In college, as email began to take over, I tried at the keyboard to simulate paper-and-pen writing. But the speed of transmission seemed to make lengthy, detailed reflections irrelevant. And while a letter was a surprise, a wrapped gift that arrived without warning and was returned in time, an email message felt more like an obligation, one that seemed to demand a faster response. The newer forms of communication weren’t really designed for exhaustive (and perhaps long-winded) messages, and even if they had been, who really had any time for letter-writing?
Several years later, in the midst of a cross-country move, graduate studies, and the throes of new parenthood, I set up a Facebook account to stay in touch with friends on both coasts. I’ve spent my fair share of time commenting on this or that, “Like”-ing this thing or another. It’s frivolous, and it’s fun. I’m not categorically opposed to Facebook activity; like my cell phone, it has its uses. And as one friend put it, “No doubt I will join [Facebook] soon, because otherwise I’ll miss my newest nephew’s growing up, lose touch with my sisters, and fall off the cliff of modernity.”
Still, I miss many aspects of letter correspondence.

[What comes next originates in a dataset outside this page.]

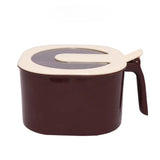 Brown container with a beige lid on a white background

Clichéd as my reaction may be, I lament the fact that kids these days—as much as they Like, Poke, and Post, broadcasting their latest updates among a list of so-called Friends—may never compose or receive a real, old-school letter. One that reflects a sustained conversation of reflection and depth and growing maturity. One that involves a particular intimacy, not just that of the friendship, but also of the physical action of writing or reading a letter, with all the accompanying peculiarities of handwriting (L’s left-handed scrawl, K’s meticulous school-teacher cursive). One that provides a snapshot of a particular moment in life, worth saving in a shoebox through several cross-country moves. One that serves as a vehicle for a meaningful exchange, the kind less easily created in a hurried email message or a public Facebook update.
A letter was an artifact, a treasure, a gift exchanged by friends, family members, lovers, artists, writers. It’s hard to escape the feeling that a historical tradition is quietly ending, having been replaced by so much cyberspace junk. If you have a favorite letter (Dickinson to Higginson? Vincent van Gogh to his brother? Bishop to Moore? Sullivan Ballou to his wife? Virginia Woolf to her husband? Dean Young to his nephew, Seth?), I hope you’ll post a link to it below. If you have an artifact of your own that you are willing to share, I hope you’ll post that, too. And if you don’t have such a letter, well, you aren’t alone.